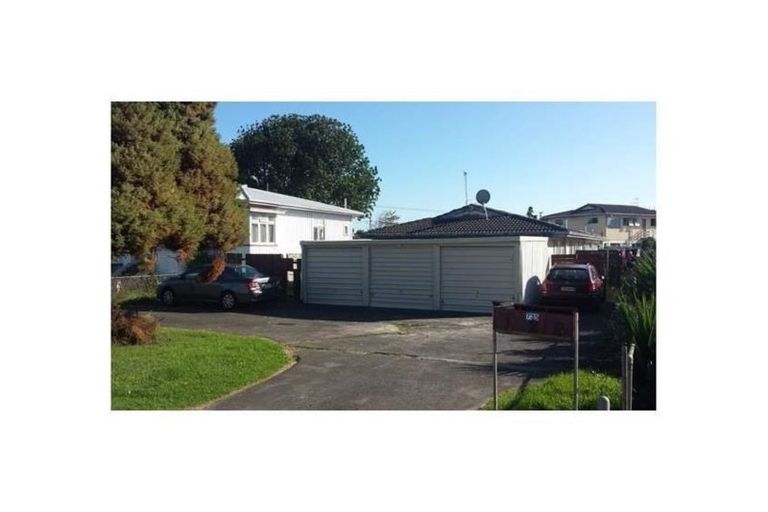 Photo of property in 1/735 Massey Road, Mangere, Auckland, 2022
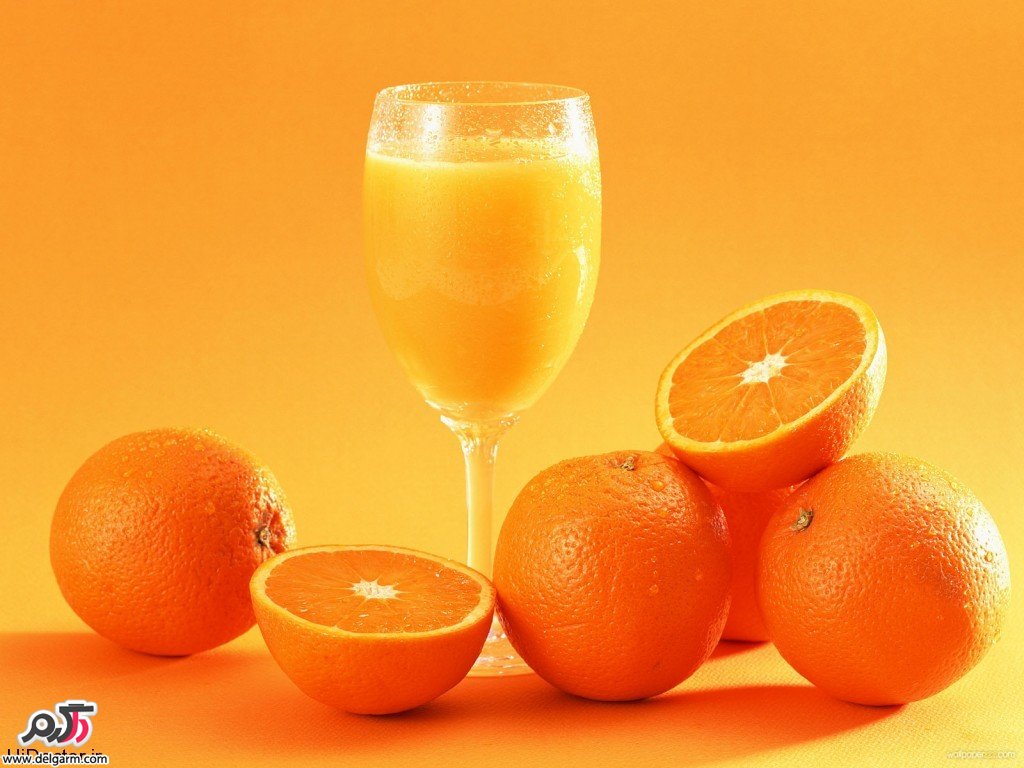 بادام و آب پرتقال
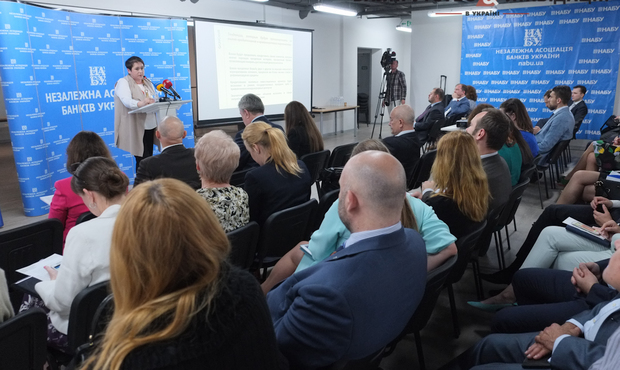 Кредитувати не можна, чекати. Коли ж банки переставлять кому?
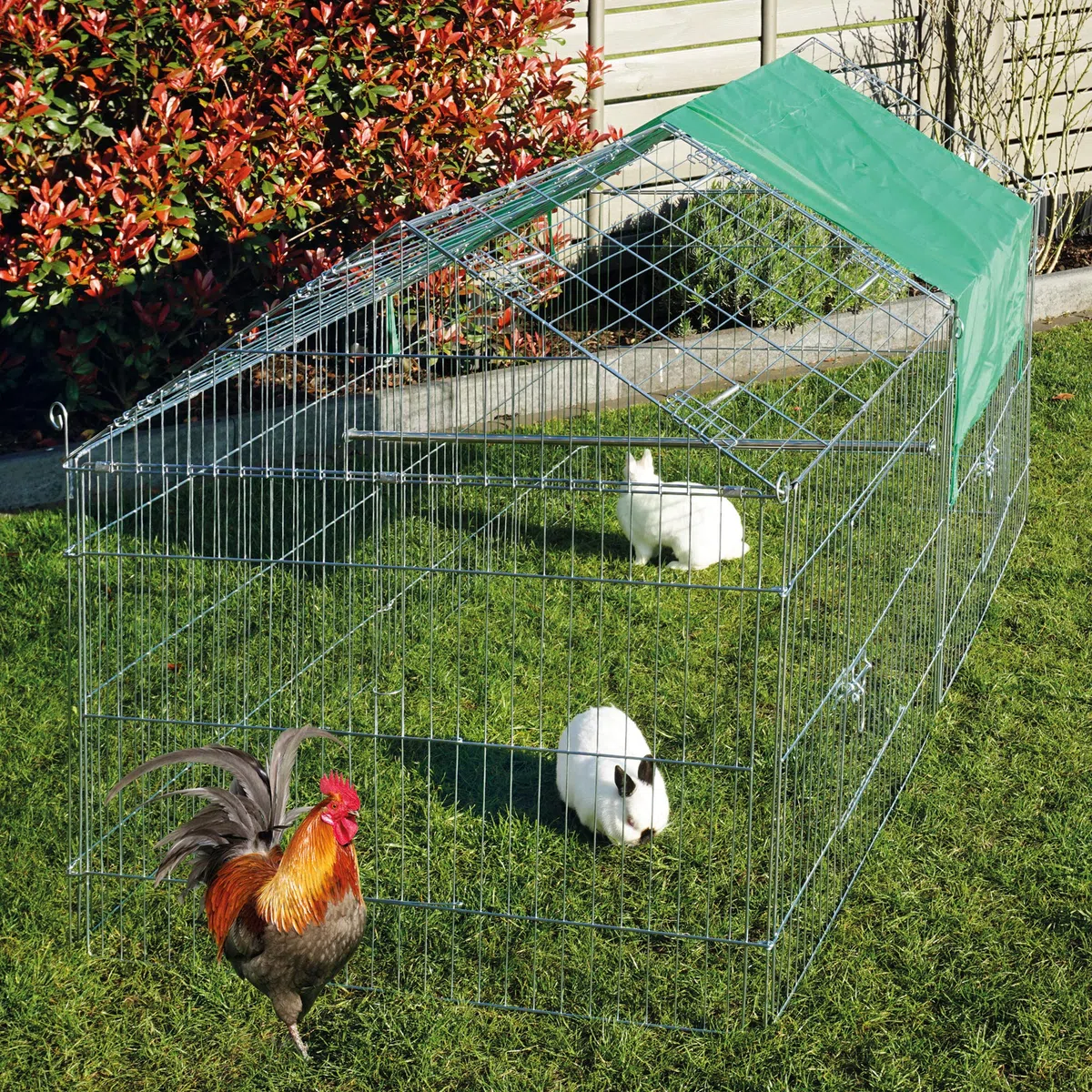 zooprinz Mobiles Außengehege mit Satteldach und Sonnenschutz | Für Hühner und Kaninchen im Garten, wetterfestes stabiles Metall, platzsparend verstaubar, 2 Größen zur Wahl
--------
**Brief**
Copy everything in the listing above exactly except the pictures.

**Task result**
 Photo of property in 1/735 Massey Road, Mangere, Auckland, 2022
 بادام و آب پرتقال
 Кредитувати не можна, чекати. Коли ж банки переставлять кому?
 zooprinz Mobiles Außengehege mit Satteldach und Sonnenschutz | Für Hühner und Kaninchen im Garten, wetterfestes stabiles Metall, platzsparend verstaubar, 2 Größen zur Wahl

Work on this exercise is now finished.